Provided data:
____

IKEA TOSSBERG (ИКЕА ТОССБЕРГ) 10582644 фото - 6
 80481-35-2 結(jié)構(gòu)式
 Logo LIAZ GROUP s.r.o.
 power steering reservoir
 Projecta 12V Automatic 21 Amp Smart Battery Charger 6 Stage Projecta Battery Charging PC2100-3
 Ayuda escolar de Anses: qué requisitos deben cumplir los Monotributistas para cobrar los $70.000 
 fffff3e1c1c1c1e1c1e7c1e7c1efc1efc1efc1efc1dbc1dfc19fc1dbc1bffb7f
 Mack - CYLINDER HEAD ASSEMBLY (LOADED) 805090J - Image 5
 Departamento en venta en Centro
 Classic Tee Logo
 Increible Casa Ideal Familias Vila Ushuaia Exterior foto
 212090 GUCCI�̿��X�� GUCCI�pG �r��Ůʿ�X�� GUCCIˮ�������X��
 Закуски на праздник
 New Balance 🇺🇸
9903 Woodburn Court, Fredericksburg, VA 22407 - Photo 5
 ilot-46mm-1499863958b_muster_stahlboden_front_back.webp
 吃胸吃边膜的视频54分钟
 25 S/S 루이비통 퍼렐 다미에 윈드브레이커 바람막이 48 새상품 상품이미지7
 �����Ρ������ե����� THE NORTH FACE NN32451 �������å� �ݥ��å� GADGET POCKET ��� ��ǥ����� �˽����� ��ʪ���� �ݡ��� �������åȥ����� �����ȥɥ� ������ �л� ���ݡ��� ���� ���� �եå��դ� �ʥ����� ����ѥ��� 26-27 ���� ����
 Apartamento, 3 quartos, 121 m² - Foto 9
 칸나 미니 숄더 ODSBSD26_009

____

Would you copy the entire listing exactly, missing nothing?

IKEA TOSSBERG (ИКЕА ТОССБЕРГ) 10582644 фото - 6
 80481-35-2 結(jié)構(gòu)式
 Logo LIAZ GROUP s.r.o.
 power steering reservoir
 Projecta 12V Automatic 21 Amp Smart Battery Charger 6 Stage Projecta Battery Charging PC2100-3
 Ayuda escolar de Anses: qué requisitos deben cumplir los Monotributistas para cobrar los $70.000 
 fffff3e1c1c1c1e1c1e7c1e7c1efc1efc1efc1efc1dbc1dfc19fc1dbc1bffb7f
 Mack - CYLINDER HEAD ASSEMBLY (LOADED) 805090J - Image 5
 Departamento en venta en Centro
 Classic Tee Logo
 Increible Casa Ideal Familias Vila Ushuaia Exterior foto
 212090 GUCCI�̿��X�� GUCCI�pG �r��Ůʿ�X�� GUCCIˮ�������X��
 Закуски на праздник
 New Balance 🇺🇸
9903 Woodburn Court, Fredericksburg, VA 22407 - Photo 5
 ilot-46mm-1499863958b_muster_stahlboden_front_back.webp
 吃胸吃边膜的视频54分钟
 25 S/S 루이비통 퍼렐 다미에 윈드브레이커 바람막이 48 새상품 상품이미지7
 �����Ρ������ե����� THE NORTH FACE NN32451 �������å� �ݥ��å� GADGET POCKET ��� ��ǥ����� �˽����� ��ʪ���� �ݡ��� �������åȥ����� �����ȥɥ� ������ �л� ���ݡ��� ���� ���� �եå��դ� �ʥ����� ����ѥ��� 26-27 ���� ����
 Apartamento, 3 quartos, 121 m² - Foto 9
 칸나 미니 숄더 ODSBSD26_009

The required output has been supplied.